October 14, 2011 | By Rey Villar
Functional canary testing ensures that the solution exercises every business rule, but not that your ETL will work under the pressure of production loads. For the next set of tests, we need to think BIG DATA, as in large numbers of records. We also need to start thinking in terms of aggregates. The confidence of end users is gained when the additive records passing through your processing plant are proven against expected totals.
Your development team will use the so-called “sniff test” to use additive totals to validate the data loads against totals from other production systems. The test queries against these large test data sets will be summary in nature and will help to identify aberrant code and other issues. Later, the business testers will run similar tests during user acceptance testing, but don’t defer issue discovery to the business.
Here’s another reason not to belay large data set processing until the system moves to production. You don’t want to surprise users at the differences between what they know and what they don’t know – that is, their skepticism with the information in your new system against their almost evangelical faith in the current one. Your team needs to understand the differences and advise on these before UAT begins.
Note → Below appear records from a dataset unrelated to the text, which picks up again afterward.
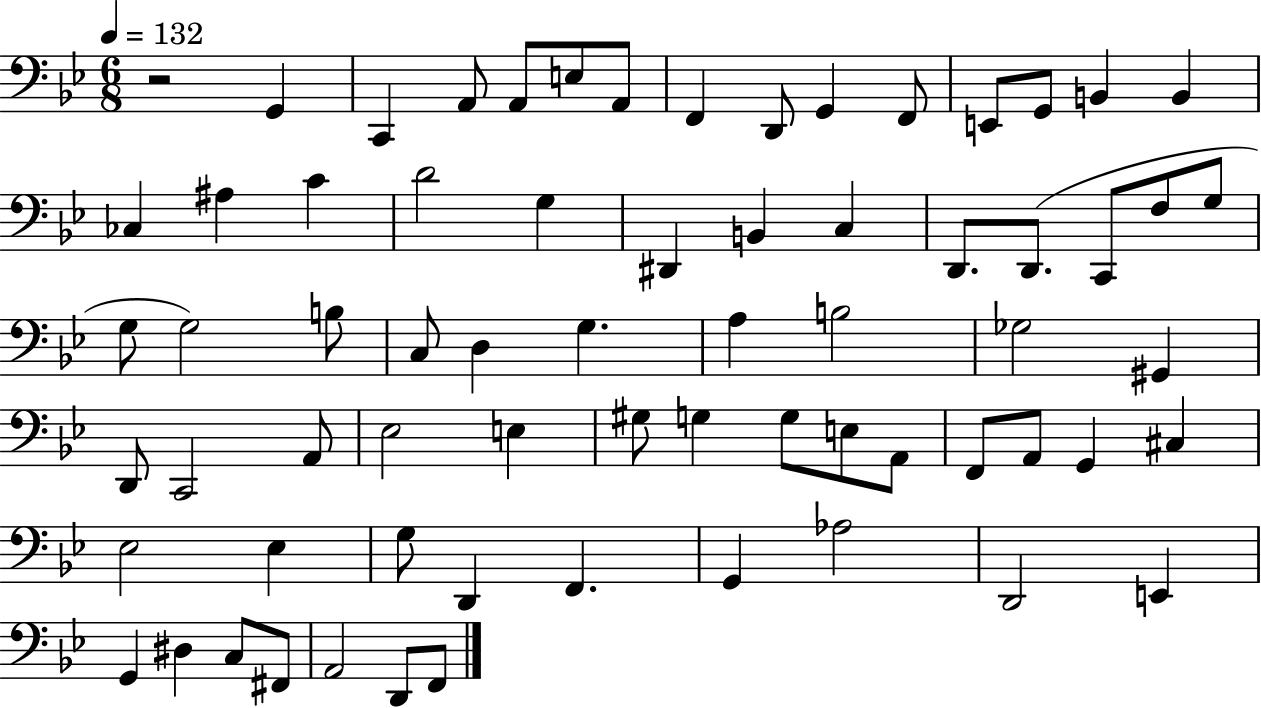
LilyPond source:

{
  \clef bass
  \numericTimeSignature
  \time 6/8
  \key bes \major
  \tempo 4 = 132
  r2 g,4 | c,4 a,8 a,8 e8 a,8 | f,4 d,8 g,4 f,8 | e,8 g,8 b,4 b,4 | \break ces4 ais4 c'4 | d'2 g4 | dis,4 b,4 c4 | d,8. d,8.( c,8 f8 g8 | \break g8 g2) b8 | c8 d4 g4. | a4 b2 | ges2 gis,4 | \break d,8 c,2 a,8 | ees2 e4 | gis8 g4 g8 e8 a,8 | f,8 a,8 g,4 cis4 | \break ees2 ees4 | g8 d,4 f,4. | g,4 aes2 | d,2 e,4 | \break g,4 dis4 c8 fis,8 | a,2 d,8 f,8 | \bar "|."
} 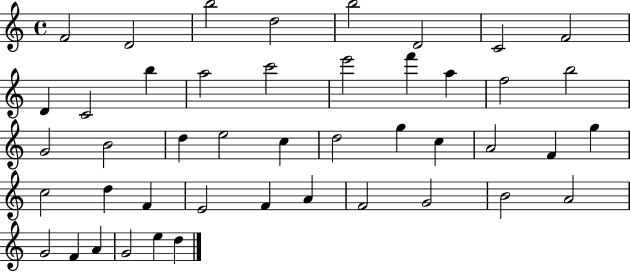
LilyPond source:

{
  \clef treble
  \time 4/4
  \defaultTimeSignature
  \key c \major
  f'2 d'2 | b''2 d''2 | b''2 d'2 | c'2 f'2 | \break d'4 c'2 b''4 | a''2 c'''2 | e'''2 f'''4 a''4 | f''2 b''2 | \break g'2 b'2 | d''4 e''2 c''4 | d''2 g''4 c''4 | a'2 f'4 g''4 | \break c''2 d''4 f'4 | e'2 f'4 a'4 | f'2 g'2 | b'2 a'2 | \break g'2 f'4 a'4 | g'2 e''4 d''4 | \bar "|."
}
If you let the business users find these issues first, convincing them that the new system is right (and the old one wrong or just plain different) is going to take a Herculean effort. You may have been there. I have to confess that I have been. Avoid as possible.
Big data sets also demonstrate the scalability of your code and test environment(s). Code that performs poorly can be tuned and retested using these large test data sets. You’ll need to ferret out code issues from infrastructure issues, as in processors, memory, I/0, and the size of both the development and test environments. Projects can have long data processing windows when production-sized loads are tested on shared or undersized environments. Take note of the scaling factor of your test versus production environments.
Let’s restate the best practices we just walked through:
- Our project team needs to find the ‘tipping point’ for the quantity of data required to build user faith in the new system.
- Our ETL testers need to work proactively to find the issues with the new system before our business users find them.
- Our project team needs to work proactively to identify the differences between legacy (proven) systems and new (unproven) systems before discovery by our business users.
- Our technical team needs to understand the influence of code versus environment on test performance.
Here are two techniques I use to help establish a baseline of big data.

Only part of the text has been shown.